The idea that the universe began as body of water might not be what we consider a scientific hypothesis, but it is an idea born of observation. Four thousand years ago, the city of Ur in southern Mesopotamia was a major maritime port, perhaps the largest city in the world at the time; today the site is over two hundred kilometres inland because the Euphrates and Tigris deposit enough silt annually to advance the coast by up to fifty metres. But the process we describe as sedimentation, fuelled by erosion upstream, was interpreted by the Mesopotamians as the seed bearing male river flowing into the body of the female sea. Thus impregnated, foetal islands developed in her body until the build up is so great that new land is born.
The virgin soil is quickly sown with seeds delivered by the wind; it begins to mature into productive, nurturing mother Earth. Where the sea is pushed back, the land that takes its place is at first wet and marshy. When the new life dies and decays beneath the shallow water it produces marsh gas, methane, which bubbles up and bursts into the atmosphere, as though the marriage of the Earth and water was giving birth to air.
With Mesopotamia growing at a rate of 50 metres each year, the whole process was part of everyday experience and even though it is wrong, the story so far is a sincere attempt to explain events that everybody could witness. The evidence for how the finer details of creation work is harder to discern and it is at this point that the Enuma Elish and it’s rival accounts diverge. With little evidence to contradict them the writers could unharness their imagination to create a politically valuable fairy tale.

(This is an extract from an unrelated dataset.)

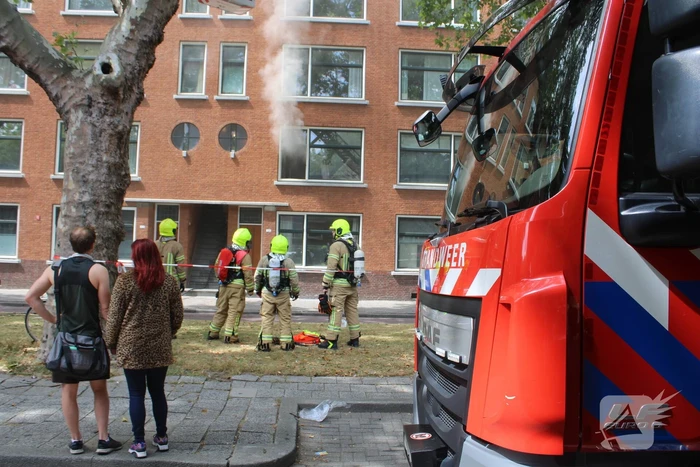 Veel rookontwikkeling vanwege brand in portiekwoning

In the case of the Enuma Elish, more gods were born, but Tiamat was shocked by the wickedness and noise of her descendants and she complained bitterly to her husband. For the sake of peace and quiet, Apsu decided to murder all of his riotous offspring, but his plan was discovered by Ea, god of wisdom and magic, who put Apsu in a trance and killed him as he slept. Ea made his home on the body of Apsu and there his wife Damkina bore a son, Marduk.
Meanwhile, Tiamat was furious that her husband had been taken from her, so she created eleven monsters to help her exact revenge. Ea, for all his wisdom, lacked the heart to take on Tiamat and her terrifying army, so did all the other gods until the job was offered to Marduk, who accepted, on condition that he was made top god. The others were summoned to a banquet, at which Marduk proved his credentials by making clothes disappear. Suitably impressed, the other gods agreed to his demands, so Marduk left to confront Tiamat.

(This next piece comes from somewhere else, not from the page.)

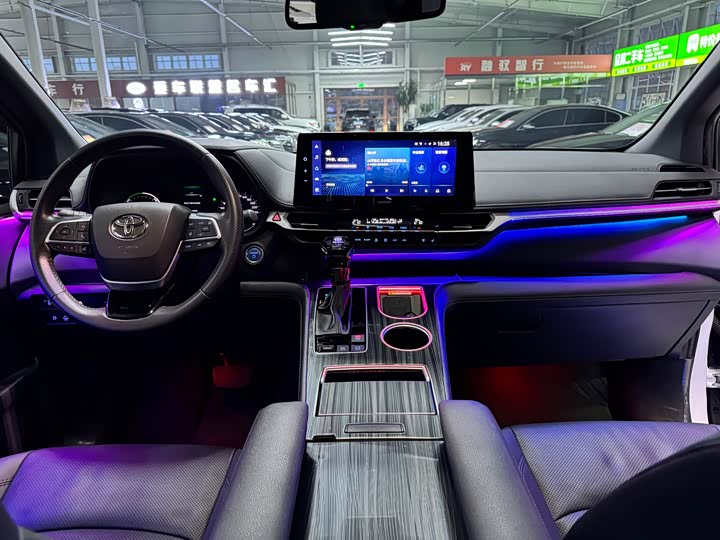 Фото 13 - Toyota Sienna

At the height of the battle, Marduk forced a hurricane into Tiamat’s gaping mouth as she tried to swallow him. The hurricane blew Tiamat up like a balloon and, seizing his chance, Marduk shot her through the heart with an arrow. He split the distended body of Tiamat in two, like one opens an oyster. From one half he fashioned the heavens as a home for the gods, the other half he shaped into the Earth, making mountains from Tiamat’s breasts, and the Tigris and Euphrates flow from her eyes. Provided they paid suitable homage and made the appropriate sacrifices, the people of Babylon could rely on the support of such a powerful patron. At least that’s what the priests said.

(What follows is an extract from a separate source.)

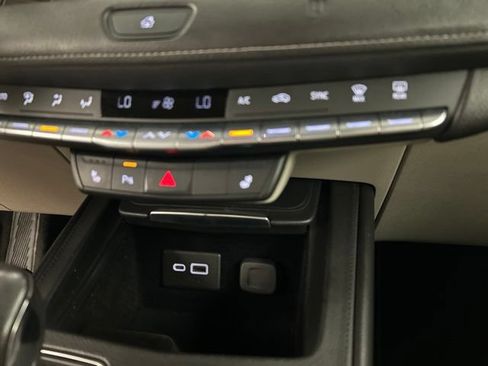 Used 2019 Cadillac XT4 Luxury w/ Cold Weather Package AWD/4WD image 17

As far as we can tell, the story of the Enuma Elish is typical of the beliefs of the time. Peoples’ wish to understand the mechanics of the universe was satisfied with an appeal to the force they felt intimately; the world works in much the same way as the people describing it, things change and develop because they are alive.
Egypt.
The Rivers Tigris and Euphrates define Mesopotamia, the name means the land between the rivers. It forms the eastern arm of the Fertile Crescent. This as the name suggests is an agriculturally rich strip of land that sweeps north-west along the Tigris and Euphrates before turning, following the river Jordan south, through the Levant and ending in Egypt. There the rise of the civilisation happened away from the coast where the land was regularly inundated by the floodwaters of the river Nile. Their retreat left a film of fresh soil that sustained cultivation, and the different circumstances are reflected in the myths. Hundreds of miles from the sea, there is no mixing of water and while, as in Mesopotamia, the details differ from place to place, most Egyptians agreed that originally there was only one sort of water, which they called Nun.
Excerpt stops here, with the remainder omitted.